Operators

There are 3 types of operators in Sparrow, based on their form:

  • prefix operators: oper_name arg; example: ++a
  • postfix operators: arg oper_name; example: a++
  • infix operators: arg1 oper_name arg2; example: a + b

All operators in Sparrow are user-defined. However, compilers may choose to implement some of them directly, without relying on user-code, for optimization purposes.

Sparrow does not have a fixed set of operators. Almost all combination of symbols are valid operator names. Moreover, alphanumeric identifiers can also be operator names.

Syntax

Operator        = Oper | '=' ;
OperatorNE      = Oper ;
IdOrOperator    = Id | Operator ;
IdOrOperatorNE  = Id | OperatorNE ;

Letter          = 'a'-'z' | 'A'-'Z' | '_' ;
Digit           = '0'-'9' ;
OpChar          = '~' | '``' | '@' | '#' | '$' | '%' | '^' | '&'
                | '-'| '+' | '=' | ' | ' | '\' | ':' | '<' | '>'
                | '?' | '/'| '*' | '.' ;
Oper            = (OpChar, {OpChar}) - '=' - '.' - ':' ;
Id              = Letter, {Letter | Digit}, ['_', Oper] ;

Expr            = PrefixExpr, {IdOrOperator, [PrefixExpr]} ;
ExprNE          = PrefixExprNE, {IdOrOperatorNE, [PrefixExprNE]} ;
PrefixExpr      = {'`', Id, '`' | Oper} SimpleExpr ;
PrefixExprNE    = {'`', Id, '`' | Oper} SimpleExprNE ;
SimpleExpr      = "..." ;
SimpleExprNE    = "..." ;

According to the above grammar, . and : are never operator names, but can be part of operator names. In addition, = can be part of operator names and, but sometimes can be by itself an operator name (i.e., a = 10), and sometimes it is not. The cases in which = is not an operator name, are the cases in which = cannot be part of an expression; this is the case with type expressions; i.e., a: Int = 3 – here = is a separator between a type expression and an initializer expression.

The following are valid examples of operators: +, -, ++, **, #$, =/=/=/=. Valid operator names can be also: foo, bar123, _123, oper_$#@.

As can be seen from grammar, one can use identifiers as prefix operator names if they are enclosed into backticks.

Here are some more examples of operators, this time in context:

a + b       // add a and b
a + b * c   // add a to the product of b and c
++a++       // prefix ++ on a, then apply the postfix ++
v1 dot v2   // dot product between v1 and v2
`length` a  // calling length on variable a with prefix call notation
1..100      // the numeric range between 1 and 100, exclusive
@Int        // type representing a reference to Int

A nice property of the grammar, is the chaining of name operators. Here is an example of this technique:

(1..) map \collatzSeq map \rangeSize takeWhile (fun s = s < 500) rootMeanSquare

In this example, .. and rootMeanSquare are postfix operators. On the other hand, map, takeWhile and < are infix operators. The above line has the following meaning: take the range of integers starting from 1 (pseudo-infinite range), map it with the collatzSeq function, then map the result to rangeSize function, then apply takeWhile operator with a lambda function, and finally apply rootMeanSquare as a postfix operator.

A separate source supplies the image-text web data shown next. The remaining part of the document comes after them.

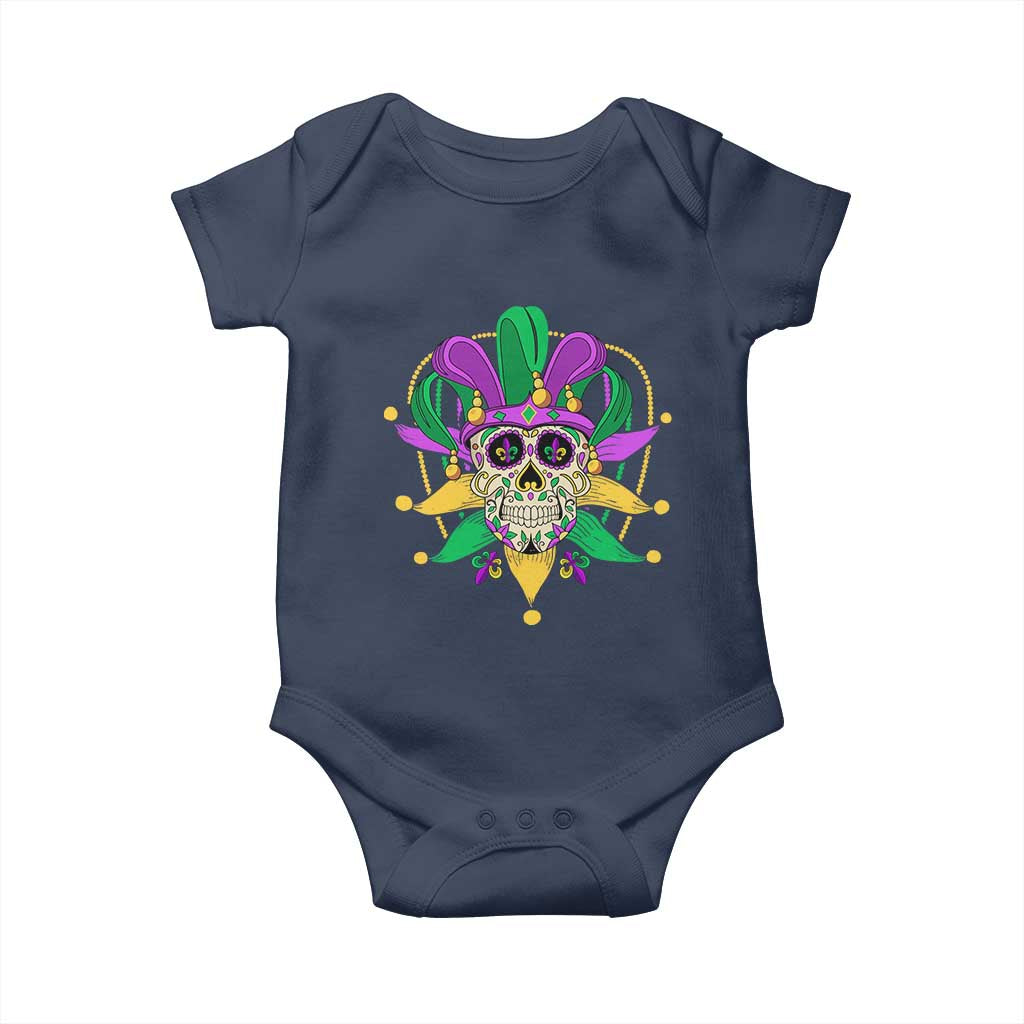 Mardi Gras Funny Sugar Skull Fat Tuesday New Orleans Baby Onesie TS09 Navy Print Your Wear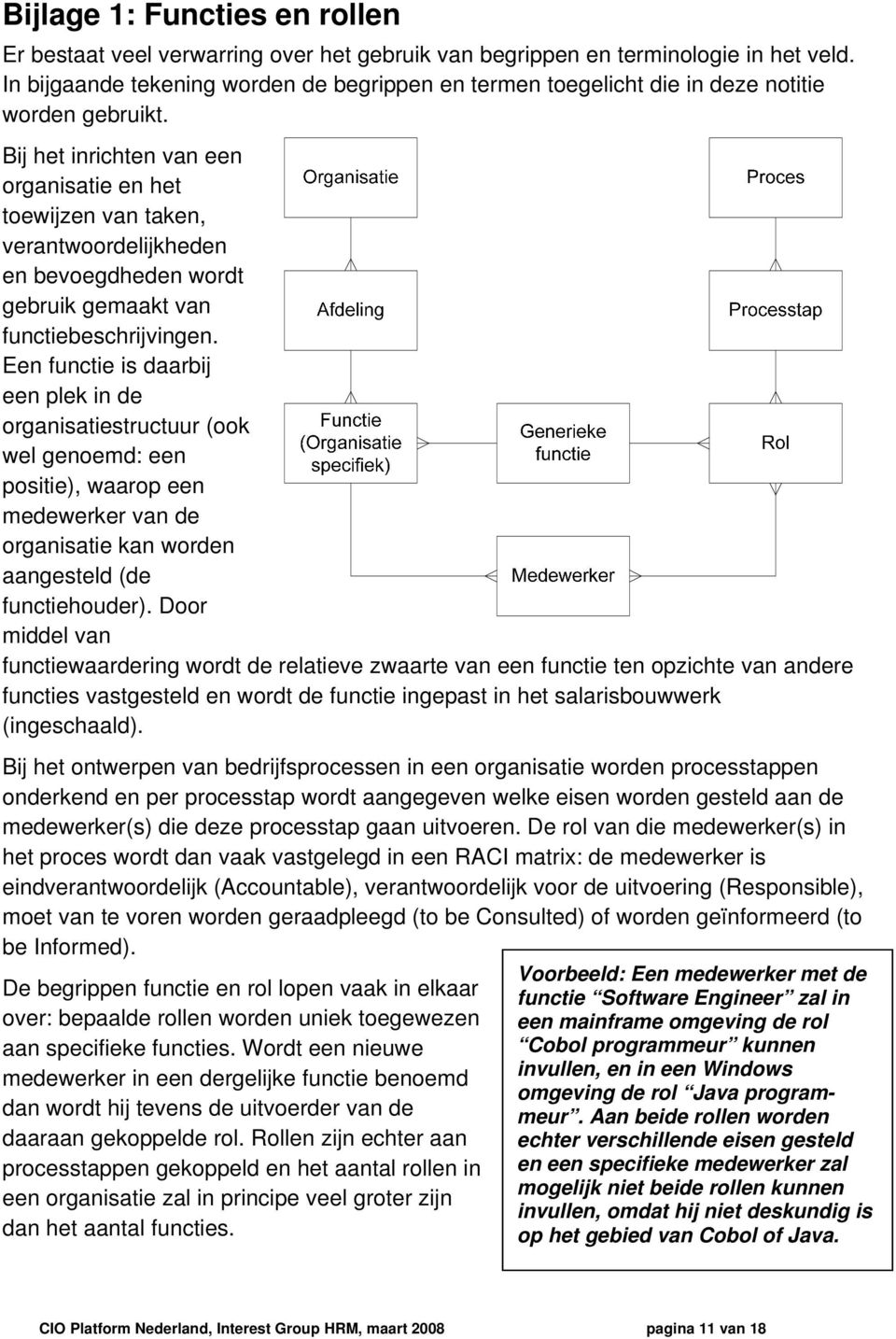 Bij het inrichten van een organisatie en het toewijzen van taken, verantwoordelijkheden en bevoegdheden wordt gebruik gemaakt van functiebeschrijvingen.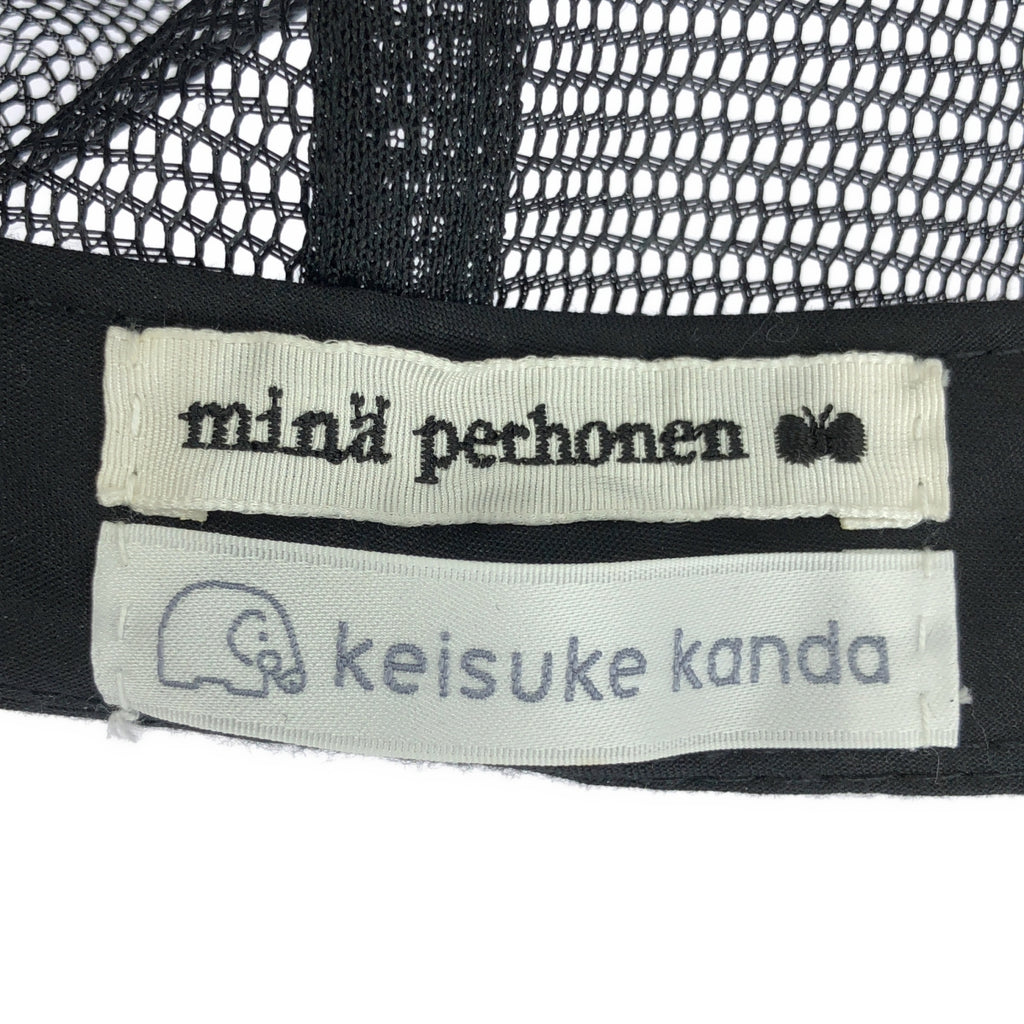 【美品】  mina perhonen / ミナペルホネン | × keisuke kanda / tambourine / タンバリン エンブロイダリー キャップ 帽子 / アジャスター調整可 | F | ブラック | レディース
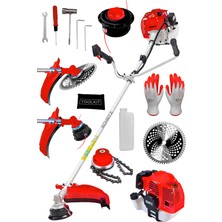 Schatz 5.9 Hp Yan Tipi Benzinli Motorlu Ot Çalı Çim Biçme Tırpanı 11000RPM Kırmızı + Canavar Başlık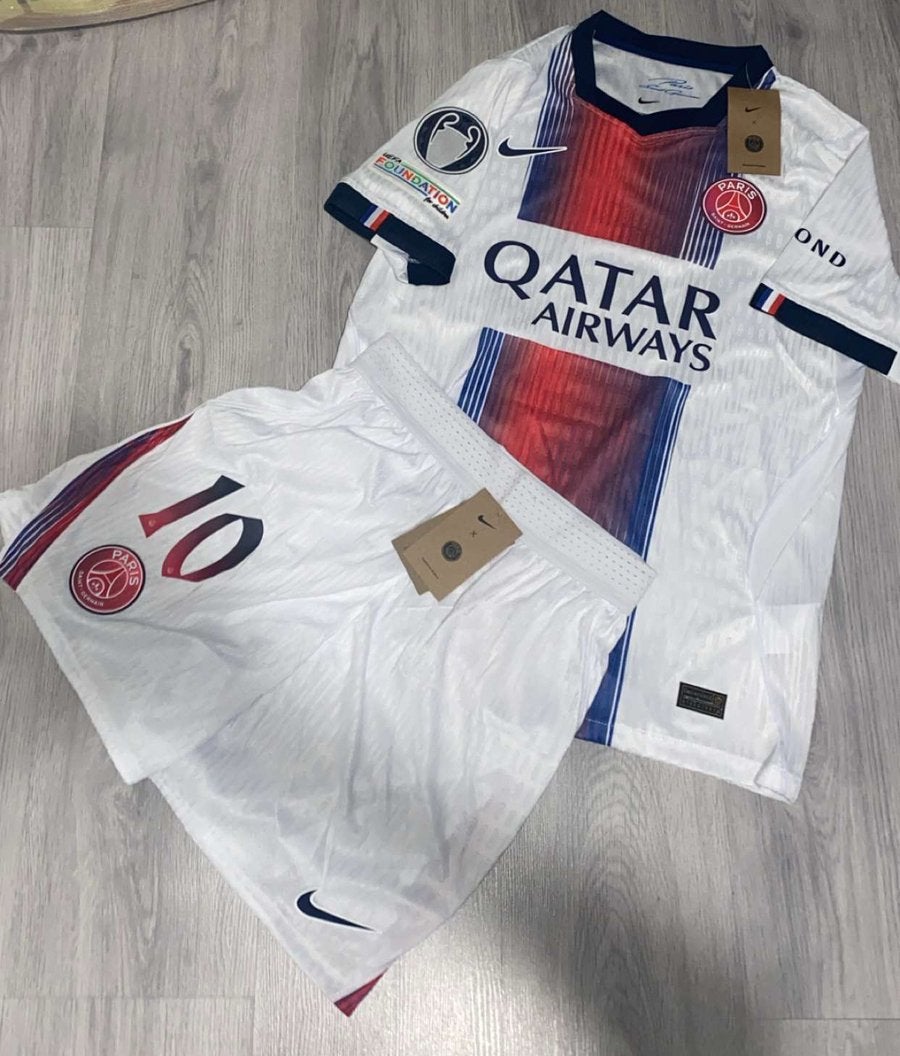 PSG Away Shirt + Short Set #10 Dembélé valt als herenmaat: S, Wit, Nieuw, Ophalen of Verzenden, Voetbal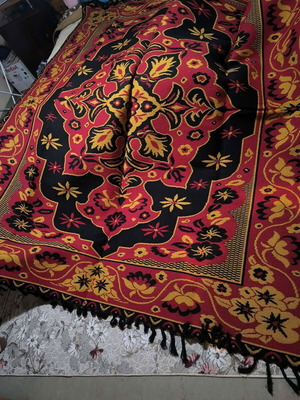 Persian style rug like new, red and black with traditional patterns 240x270 cm
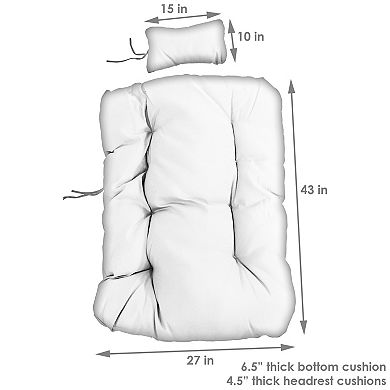 Sunnydaze Julia Egg Chair Replacement Seat and Headrest Cushions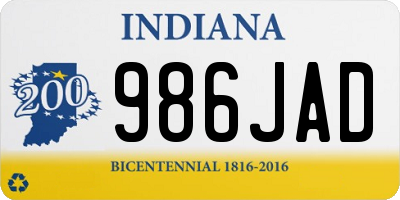 IN license plate 986JAD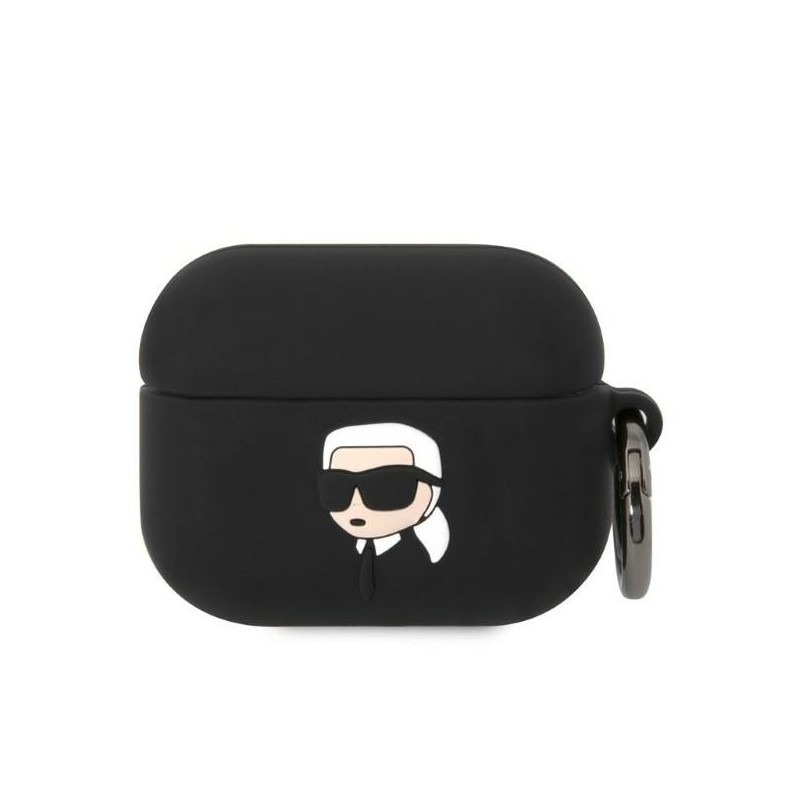 Karl Lagerfeld KLAPRUNIKK AirPods Pro cover czarny/black Silicone Karl Head 3D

If we were not to have prefix operators, then reading an expression of the form a b c d e f is straight forward:

  • all the elements on odd positions are operands (a, c and e)
  • all the elements on even positions are operator names (b, d and f)
  • if the expression has an odd number of elements, the last operator is a postfix operator; all the rest are infix operators

Prefix operators can be identified by observing pure operator names (symbols only) on odd positions – symbols only identifiers cannot ever be operands. Whenever a prefix operator is encountered, the odd/even rule above is shifted with one position. For example, a b ++ c is interpreted as a b (++ c), and cannot be interpreted as (a b ++) c, with ++ being an operand.

Defining operators

Defining an operator is identical to defining a regular function. Example:

datatype Complex {re, im: Float}
fun + (x, y: Complex) = Complex(x.re+y.re, x.im+y.im)
fun - (x: Complex) = Complex(-x.re, -x.im)

In this example, the + operator is a binary operator (can be used in infix operations) and - is an unary operator; this is inferred from the number of parameters. In this example, the - function can be used both for infix and prefix operator calls. To distinguish between prefix and postfix operations, user can add the pre_ or post_ prefix to the function name. Examples of prefix-only and postfix-only functions:

fun pre_++ (x: Complex): @Complex { x+=1; return x; }
fun post_++(x: Complex): Complex { var old=x; x+=1; return old; }

Please note that Sparrow does not impose a limit on the number of parameters to the functions with operator names. If such a function has too many parameters, it won’t be able to be called with operator notation.

Operator lookup

A prefix operator oper_name arg can be reduced to an infix operator with a null operand: null oper_name arg. Similarly, a postfix operator arg oper_name can be reduced to an infix operator with a null operand: arg oper_name null.

We explain in this section the semantics of a simple infix operator call arg1 oper_name arg2, possibly with a null argument.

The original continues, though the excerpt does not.